───── EXERCISE INPUTS
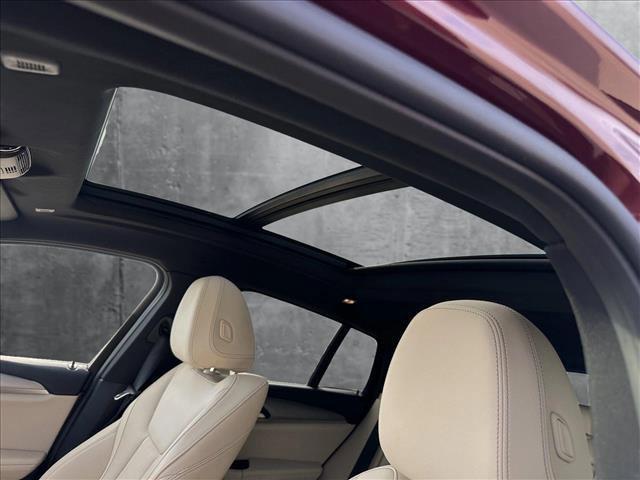 used 2025 BMW X4 car, priced at $54,991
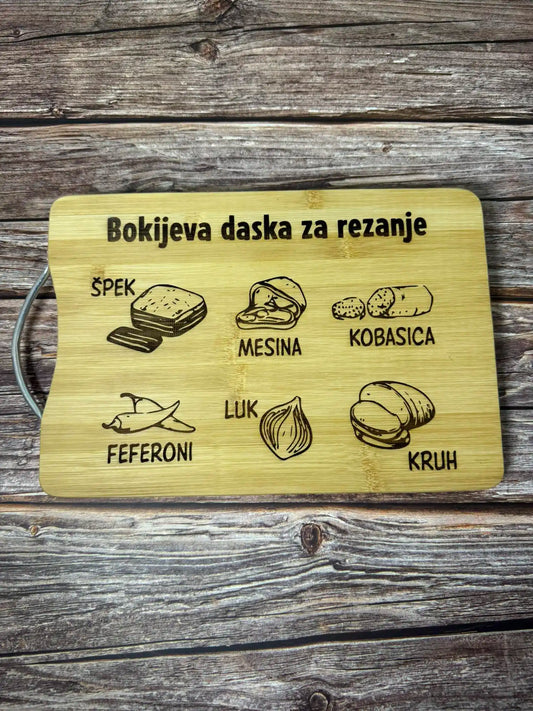 Bokijeva daska za rezanje s humorističnom personaliziranom gravurom koja uključuje nazive namirnica poput špeka, luka, feferona i kruha. Postavljena na rustikalnoj drvenoj podlozi.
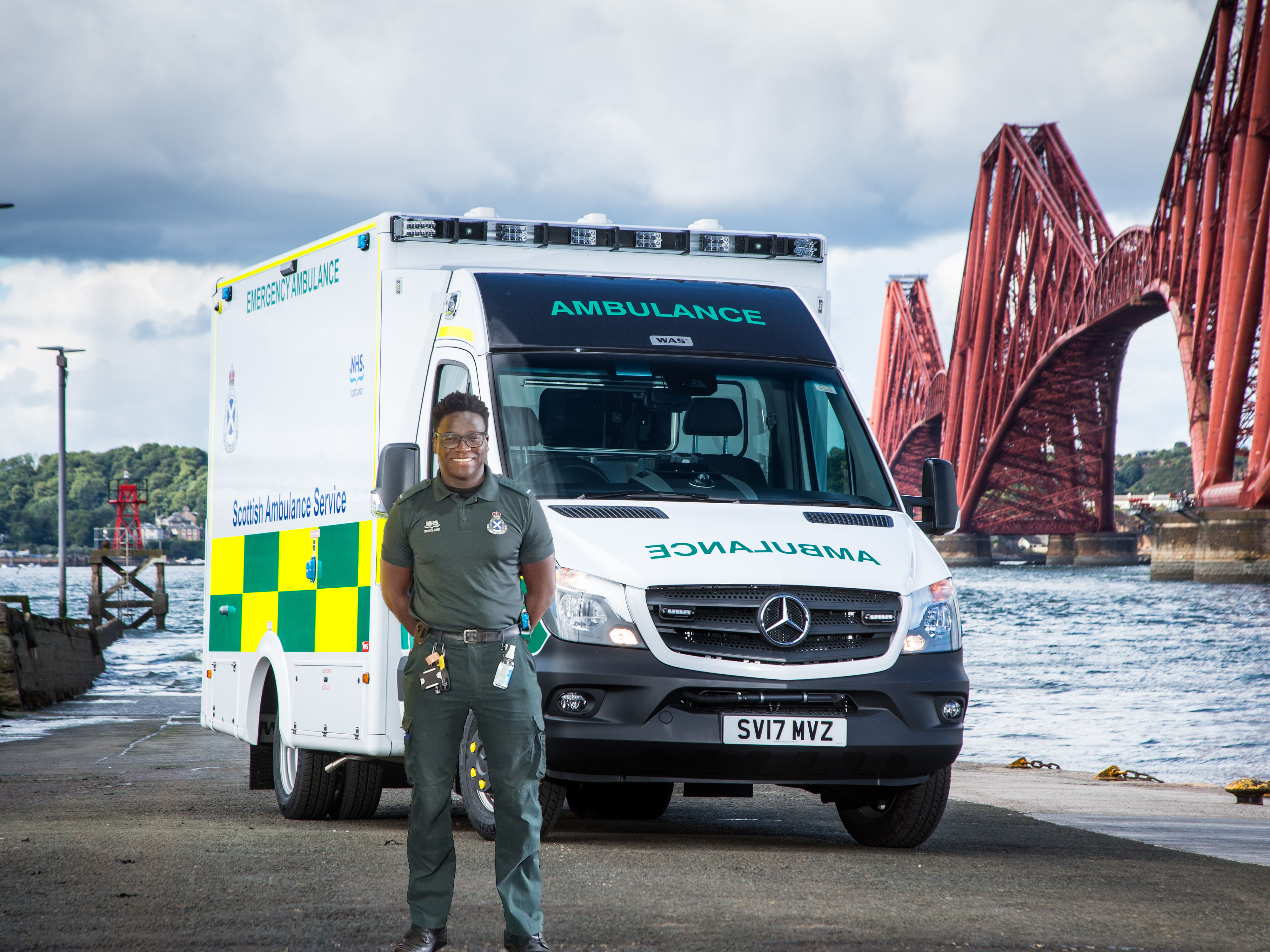 An Ambulance Technician standing in front of an A&E ambulance with the Forth Bridge in the background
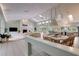 Open concept living and dining area with views of the modern kitchen at 181 S Auburn Rd, Venice, FL 34292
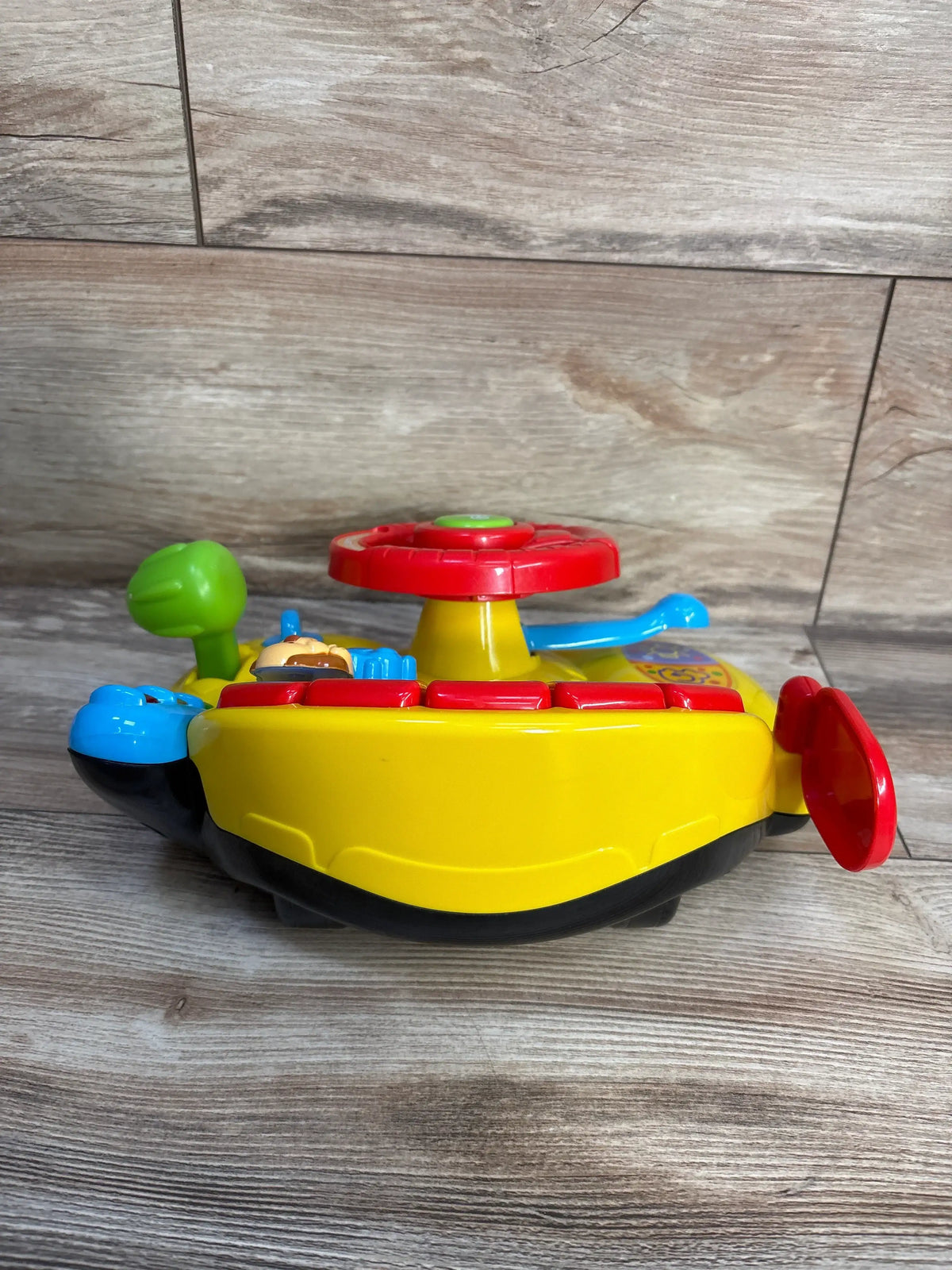 Side view of Vtech Turn & Learn Driver showcasing colorful steering wheel, buttons, and signal lever with a wood look background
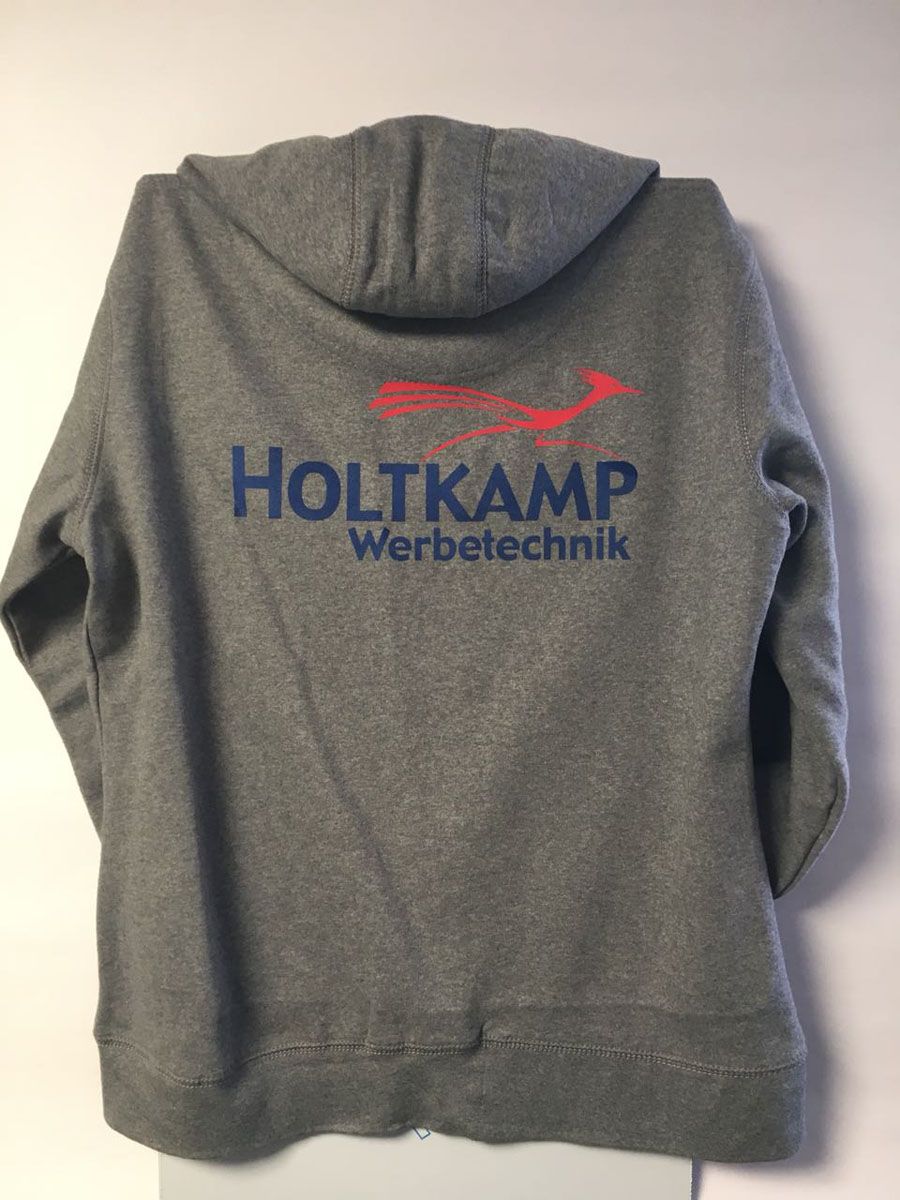 Auf der Rückseite eines grauen Hoodies steht Holtkamp Werbetechnik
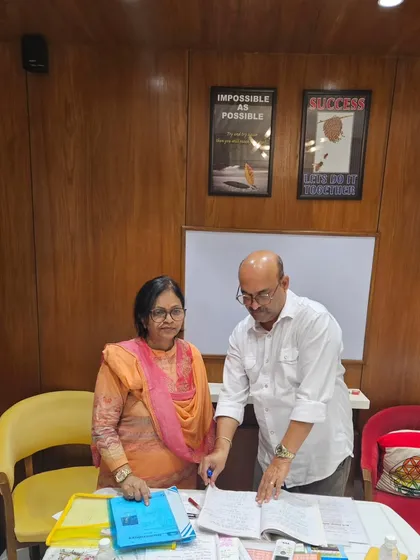 Assisting a participant with her numerology calculations during the workshop. I ensure everyone gets personal attention.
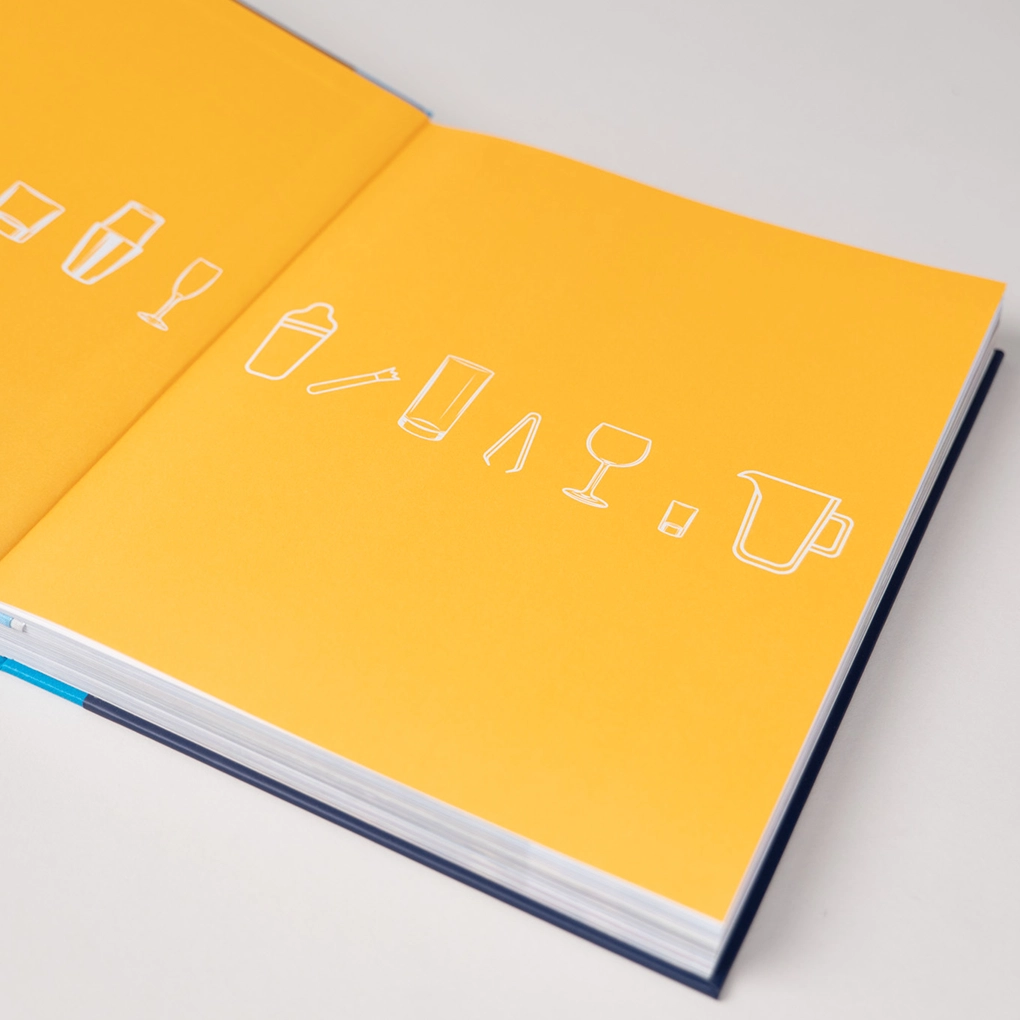 The yellow endpapers featuring stylish cocktail iconography.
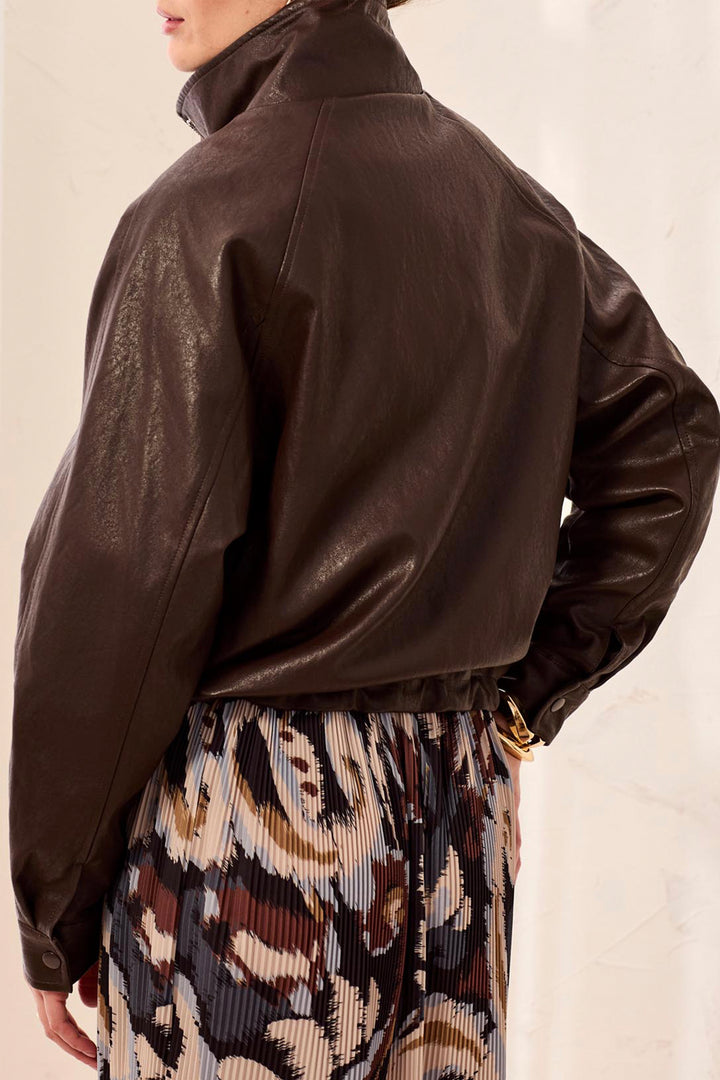 A woman shown from the back wearing a faux leather bomber style brown jacket standing in front of a beige background. 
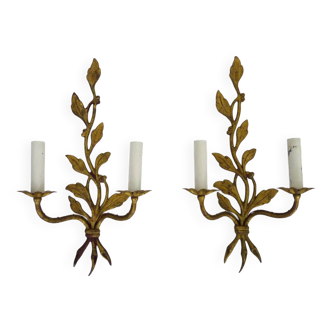 Pair of Maison Bagués wall lights decorated with foliage. 60s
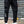 Second front view of the black cargo joggers with dark camo side panels, white shin stripes and ribbed cuffs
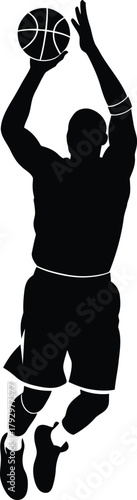 Silhouette of a basketball player shooting a ball mid air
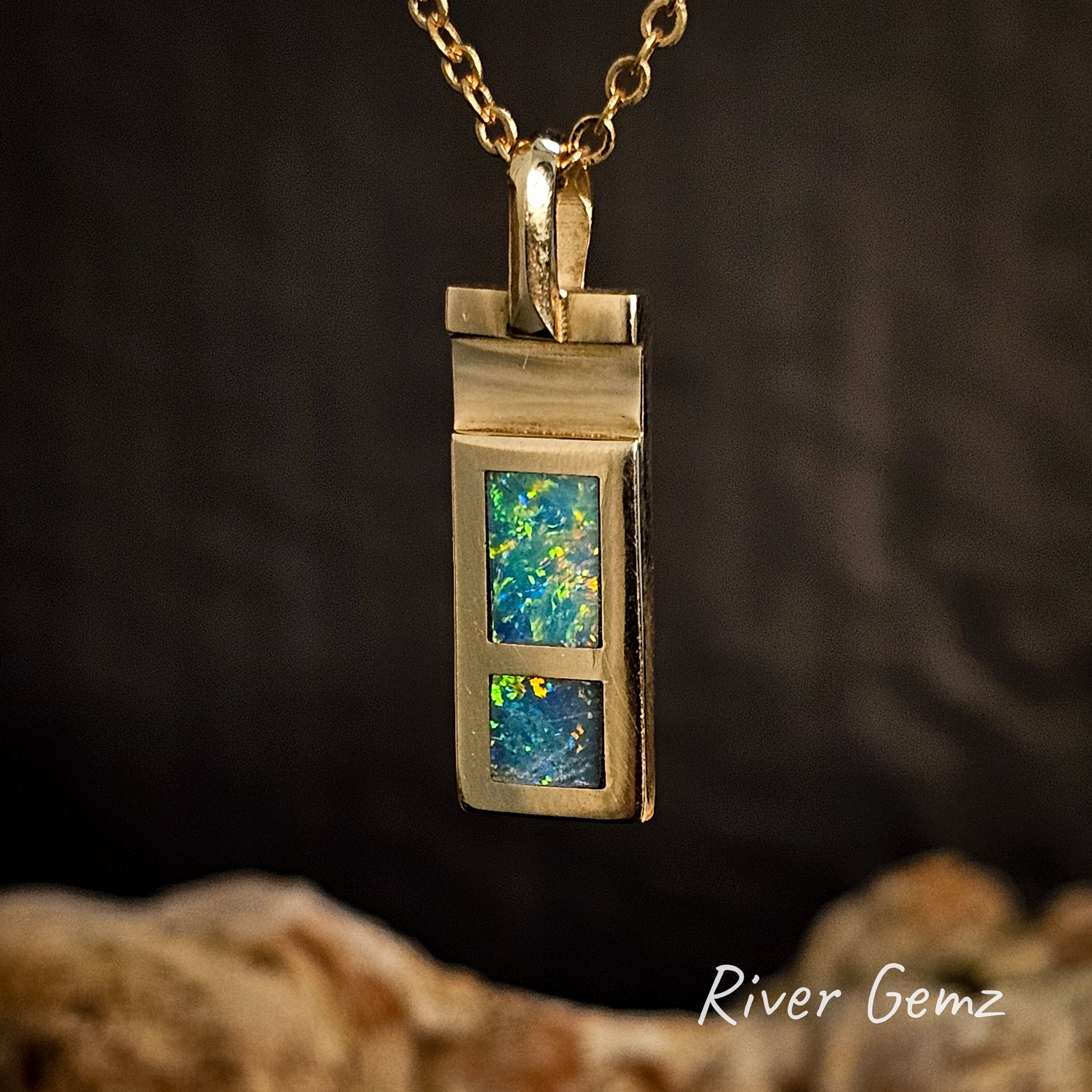 Gold pendant with two crystal opal stones on a dark background, featuring 'River Gemz' branding.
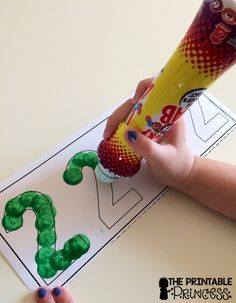 a child's hand holding a tube with the letter j on it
──────────
Transcribe every entry word for word, but omit the pictures.

 used 2025 BMW X4 car, priced at $54,991
 Bokijeva daska za rezanje s humorističnom personaliziranom gravurom koja uključuje nazive namirnica poput špeka, luka, feferona i kruha. Postavljena na rustikalnoj drvenoj podlozi.
 An Ambulance Technician standing in front of an A&E ambulance with the Forth Bridge in the background
 Open concept living and dining area with views of the modern kitchen at 181 S Auburn Rd, Venice, FL 34292
 Side view of Vtech Turn & Learn Driver showcasing colorful steering wheel, buttons, and signal lever with a wood look background
 Auf der Rückseite eines grauen Hoodies steht Holtkamp Werbetechnik
 Assisting a participant with her numerology calculations during the workshop. I ensure everyone gets personal attention.
 The yellow endpapers featuring stylish cocktail iconography.
 A woman shown from the back wearing a faux leather bomber style brown jacket standing in front of a beige background. 
 Pair of Maison Bagués wall lights decorated with foliage. 60s
 Second front view of the black cargo joggers with dark camo side panels, white shin stripes and ribbed cuffs
 Silhouette of a basketball player shooting a ball mid air
 Gold pendant with two crystal opal stones on a dark background, featuring 'River Gemz' branding.
 a child's hand holding a tube with the letter j on it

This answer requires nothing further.